Nor did he seem to mind responding to multiple questions about the 2004 championship, where a late mistake was the difference between he and winner Retief Goosen.

“Certainly, the turning point was my double on 17, because I had just birdied three of the last four holes to get myself in position to win the tournament,” he said. “But the double I made was the biggest factor. I mean, unfortunately, it was a bad time.”

And when confronted with his past criticism of the 2004’s notorious conditioning, he didn’t shy away.

“I think it’s a very difficult job to find the line of testing the best players to the greatest degree and then making it carnival golf,” Mickelson said. “For instance, the [2004] barometer for watering the seventh green was, ‘Did anybody make double or triple?’ So if nobody doubled or tripled in the group in front of you, the green did not get water. If your group made a double or triple, the green got water for the group behind you. That type of chance is, it bothers me, given that we put so much into this tournament and the dreams and the hopes.”

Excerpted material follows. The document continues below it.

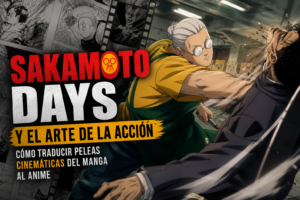 Sakamoto Days y el arte de la acción: Cómo traducir peleas cinemáticas del manga al anime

So it seems that this is Mickelson’s latest approach to the equation he’s been unable to solve. The U.S. Open is a grind, and, turning 48 this week, preservation is as crucial as ever. It’s easy to get caught up in the conjecture and “What this MEANS” ramifications, hypotheticals Mickelson admitted to falling victim to in the past.

“The more I think about winning, the more it detracts away from my focus and the process of playing a round on Thursday,” he said.

Mickelson is well aware of what the U.S. Open, and a win, means. That is for the future Phil to worry about. Right now, he’s too in the present to bother with that.

“I’m still in the process of collecting more wins,” he said, regarding talk of legacy. His goal at the moment is to merely get to the weekend, with an opportunity in hand.

“It’s just that I don’t want to get ahead of myself, and I don’t want to start thinking about results,” Mickelson said. “The way you get in trouble here is you anticipate too much and you get too far ahead.”

That’s uncomplicated and cliched. Normally, the antithesis of the Phil Mickelson Experience. But the definition of insanity is doing the same thing over and over again, only to expect divergent results. U.S. Open: Attempt No. 27, Mickelson conveyed, needs to be different.

So no, Phil Mickelson didn’t have his usual energy behind the mic on Monday. But the professor still delivered the class a lesson. And, maybe, to himself.